Hm, also ich an deiner Stelle würde es mal mit JDIC probieren


----------



## PollerJava (10. Jul 2007)

ich hab jetzt das -> http://javadesktop.org/articles/jdic/#examples für Windows ausprobiert aber irgendwie kommt gar nichts (mit www.web.de z.B.) 
Kann das vielleicht mal von euch jemand ausprobieren.

Keine Ahnung was es da hat.


----------



## The_S (10. Jul 2007)

nicht das ich mich damit auskenne, aber andere, die sich damit auskennen, können dir sicher besser helfen, wenn du code postest.


----------



## madboy (10. Jul 2007)

https://jdic.dev.java.net/#demos hat gesagt.:
			
		

> Note: To run this demo, you must use Internet Explorer or Mozilla (1.4 or a higher version) on Windows platforms; use Mozilla (1.4 or a higher version) on Linux/Unix platforms.

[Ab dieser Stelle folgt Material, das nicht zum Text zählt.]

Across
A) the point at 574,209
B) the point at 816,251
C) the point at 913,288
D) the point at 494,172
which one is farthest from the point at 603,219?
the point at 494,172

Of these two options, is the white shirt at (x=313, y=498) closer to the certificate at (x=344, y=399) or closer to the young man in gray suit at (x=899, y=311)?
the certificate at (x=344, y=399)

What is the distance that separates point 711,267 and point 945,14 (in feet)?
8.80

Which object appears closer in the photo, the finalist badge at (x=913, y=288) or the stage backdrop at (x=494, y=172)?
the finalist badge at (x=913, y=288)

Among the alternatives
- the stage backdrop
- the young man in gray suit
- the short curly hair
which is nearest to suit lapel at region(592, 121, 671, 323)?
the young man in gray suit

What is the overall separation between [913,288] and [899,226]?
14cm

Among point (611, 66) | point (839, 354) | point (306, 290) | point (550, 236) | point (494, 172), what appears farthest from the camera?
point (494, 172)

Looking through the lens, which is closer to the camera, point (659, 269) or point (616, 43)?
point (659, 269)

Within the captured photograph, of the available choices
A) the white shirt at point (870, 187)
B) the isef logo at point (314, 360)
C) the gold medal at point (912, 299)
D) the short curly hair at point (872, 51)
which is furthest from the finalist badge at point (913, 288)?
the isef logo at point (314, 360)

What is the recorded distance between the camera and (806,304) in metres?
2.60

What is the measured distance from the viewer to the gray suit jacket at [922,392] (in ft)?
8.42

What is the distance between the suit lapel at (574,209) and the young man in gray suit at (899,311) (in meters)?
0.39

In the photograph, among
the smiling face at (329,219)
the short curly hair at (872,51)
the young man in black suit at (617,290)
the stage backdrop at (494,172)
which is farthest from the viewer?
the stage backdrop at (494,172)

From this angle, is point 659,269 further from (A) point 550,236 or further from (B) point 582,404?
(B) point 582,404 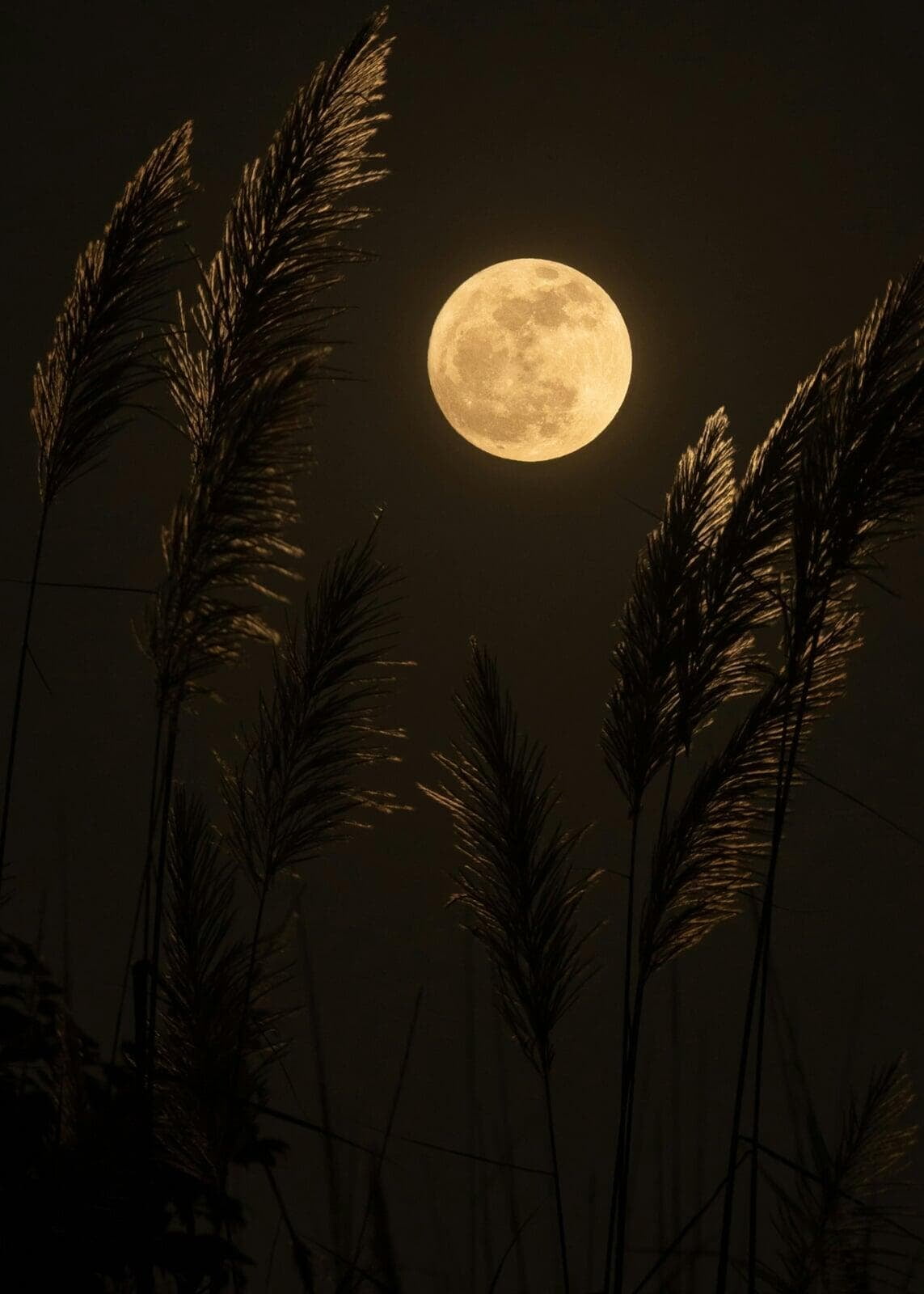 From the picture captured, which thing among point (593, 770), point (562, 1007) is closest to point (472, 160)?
point (593, 770)

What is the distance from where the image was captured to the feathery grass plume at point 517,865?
4.85ft

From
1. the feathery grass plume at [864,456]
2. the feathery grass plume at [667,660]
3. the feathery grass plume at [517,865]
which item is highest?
the feathery grass plume at [864,456]

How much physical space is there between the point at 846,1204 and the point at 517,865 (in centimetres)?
54

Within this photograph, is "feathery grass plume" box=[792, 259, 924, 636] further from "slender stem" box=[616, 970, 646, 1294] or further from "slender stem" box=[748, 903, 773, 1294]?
"slender stem" box=[616, 970, 646, 1294]

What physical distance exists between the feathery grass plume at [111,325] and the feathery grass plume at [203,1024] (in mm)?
454

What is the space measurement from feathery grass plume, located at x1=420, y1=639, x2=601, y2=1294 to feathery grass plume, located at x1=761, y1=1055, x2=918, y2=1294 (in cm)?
27

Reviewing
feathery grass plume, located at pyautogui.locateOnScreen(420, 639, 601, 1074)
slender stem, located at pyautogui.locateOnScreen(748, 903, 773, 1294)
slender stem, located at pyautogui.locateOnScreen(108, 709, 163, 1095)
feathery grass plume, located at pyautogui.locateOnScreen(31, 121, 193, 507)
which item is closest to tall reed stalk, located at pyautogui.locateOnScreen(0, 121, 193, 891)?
feathery grass plume, located at pyautogui.locateOnScreen(31, 121, 193, 507)

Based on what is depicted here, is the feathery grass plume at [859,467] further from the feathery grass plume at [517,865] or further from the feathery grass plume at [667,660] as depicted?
the feathery grass plume at [517,865]

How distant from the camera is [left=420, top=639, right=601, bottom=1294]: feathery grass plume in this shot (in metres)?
1.48

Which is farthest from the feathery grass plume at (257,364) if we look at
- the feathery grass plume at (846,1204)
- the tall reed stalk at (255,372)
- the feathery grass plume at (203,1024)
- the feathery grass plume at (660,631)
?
the feathery grass plume at (846,1204)

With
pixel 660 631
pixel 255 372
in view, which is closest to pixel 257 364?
pixel 255 372

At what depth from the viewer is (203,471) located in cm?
133

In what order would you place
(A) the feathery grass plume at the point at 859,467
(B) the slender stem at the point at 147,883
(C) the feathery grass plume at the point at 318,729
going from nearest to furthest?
(A) the feathery grass plume at the point at 859,467
(B) the slender stem at the point at 147,883
(C) the feathery grass plume at the point at 318,729

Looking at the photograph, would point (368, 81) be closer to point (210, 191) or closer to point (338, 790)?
point (338, 790)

Übrigens: Firefox != Mozilla
Ich glaube sogar, dass Seamonkey (Nachfolger von Mozilla) nicht geht oder nur wenn man n bisschen Tricks vollführt.


----------



## PollerJava (10. Jul 2007)

ganz versteh ich das jetzt nicht, die Demos startet man ja über "WebStart",
da spielt ja der Browser (IE oder FF) keine Rolle oder versteh ich da was falsch?

lg


----------



## Philip (10. Jul 2007)

Falls jemand an einer reinen Swing-Lösung interessiert ist:
http://html.xamjwg.org/index.jsp

Der HTML-Renderer ist aber noch nicht allzu ausgereift. Kaum eine moderne Webseite wird korrekt dargestellt (ausser Google). Aber das Projekt steht auf meiner Beobachtungsliste.


----------



## madboy (10. Jul 2007)

PollerJava hat gesagt.:
			
		

> ganz versteh ich das jetzt nicht, die Demos startet man ja über "WebStart",
> da spielt ja der Browser (IE oder FF) keine Rolle oder versteh ich da was falsch?


Doch, das spielt sogar eine große Rolle. JDIC benutzt den Browser zum Rendern und zeigt nur das Ergebnis an. Ist kein Browser zum Rendern da, gibts auch nix zum Anzeigen.
Außerdem würde ich einem Hinweis über Voraussetzungen auf der Webseite prinzipiell glauben schenken  :wink: 

@Philip: das sieht wirklich mal interessant aus. Muss ich mir merken.


----------



## PollerJava (10. Jul 2007)

und funktionieren die Demos bei Euch,
Bei mir geht da gar nichts, ich hab aber die neuesten Browser,


----------



## madboy (10. Jul 2007)

In Ermangelung von sowohl IE als auch Mozilla kann ich gerade nix zu den Demos sagen.
Allerdings habe ich vor einiger Zeit (ca. 1 Jahr) JDIC unter Suse Linux 9.irgendwas zum Laufen bekommen. War allerdings ein bisschen Gefrickel (irgendwie wurde Mozilla nicht gefunden oder so ähnlich).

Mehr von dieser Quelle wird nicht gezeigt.